Sourdough Discard Biscuit Recipe

With everything shut down, it’s honestly been kind of nice to be “stuck” at home the last few days.

I like being home anyway, so it’s not much of a challenge for me to stay on the farm all day. I’ve had a bit more time on my hands and I’ve been able to get my trusty sourdough starter – I call her Ethel – going, too.

If you don’t already know how to make sourdough – or you haven’t given it a try yet – you’ve got to! It’s an easy way to make bread at home, and all it takes is flour and water. That’s it. Nothing else. No yeast, no sugar. 

Here’s a guide to making your own sourdough bread.

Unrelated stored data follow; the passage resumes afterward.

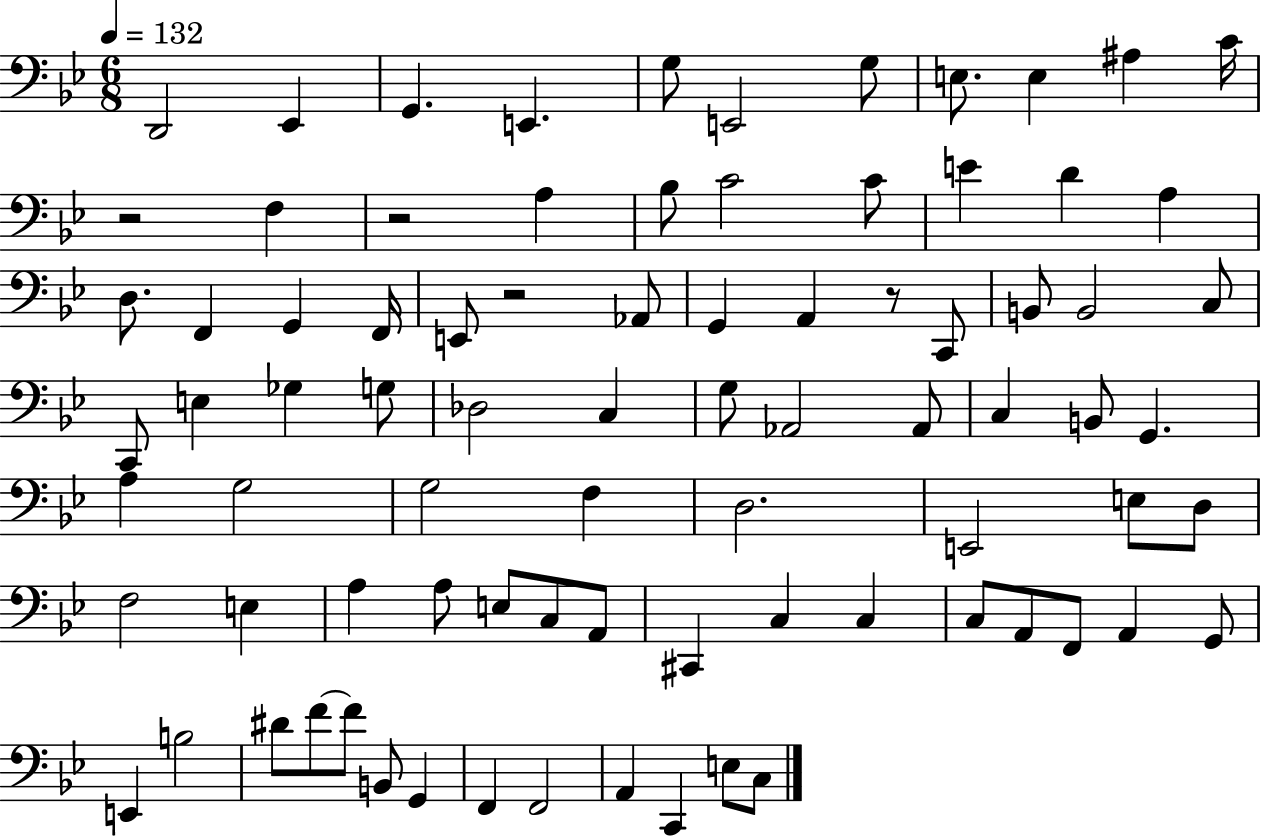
X:1
T:Untitled
M:6/8
L:1/4
K:Bb
D,,2 _E,, G,, E,, G,/2 E,,2 G,/2 E,/2 E, ^A, C/4 z2 F, z2 A, _B,/2 C2 C/2 E D A, D,/2 F,, G,, F,,/4 E,,/2 z2 _A,,/2 G,, A,, z/2 C,,/2 B,,/2 B,,2 C,/2 C,,/2 E, _G, G,/2 _D,2 C, G,/2 _A,,2 _A,,/2 C, B,,/2 G,, A, G,2 G,2 F, D,2 E,,2 E,/2 D,/2 F,2 E, A, A,/2 E,/2 C,/2 A,,/2 ^C,, C, C, C,/2 A,,/2 F,,/2 A,, G,,/2 E,, B,2 ^D/2 F/2 F/2 B,,/2 G,, F,, F,,2 A,, C,, E,/2 C,/2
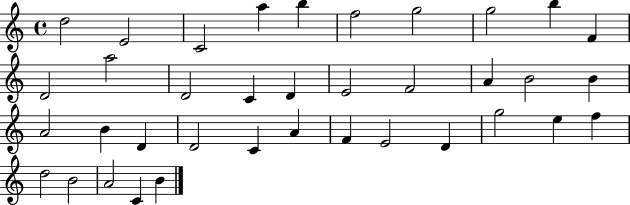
{
  \clef treble
  \time 4/4
  \defaultTimeSignature
  \key c \major
  d''2 e'2 | c'2 a''4 b''4 | f''2 g''2 | g''2 b''4 f'4 | \break d'2 a''2 | d'2 c'4 d'4 | e'2 f'2 | a'4 b'2 b'4 | \break a'2 b'4 d'4 | d'2 c'4 a'4 | f'4 e'2 d'4 | g''2 e''4 f''4 | \break d''2 b'2 | a'2 c'4 b'4 | \bar "|."
}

In other words, it’s the perfect bread to make in these crazy times when it’s unclear what provisions are going to be available at the grocery store down the road.

I like to make a few loaves of sourdough each week, but the problem that I have is that I’m always left with a ton of discarded starter after.

If you aren’t already familiar with making sourdough, one of the basics of the process is that you have to “feed” the starter every day, discarding small amounts of the flour-water mixture so that the cultures have more room to feed themselves and become active. 

I don’t like wasting anything, so I decided to whip up a batch of sourdough biscuits to make the most of the leftover discard. 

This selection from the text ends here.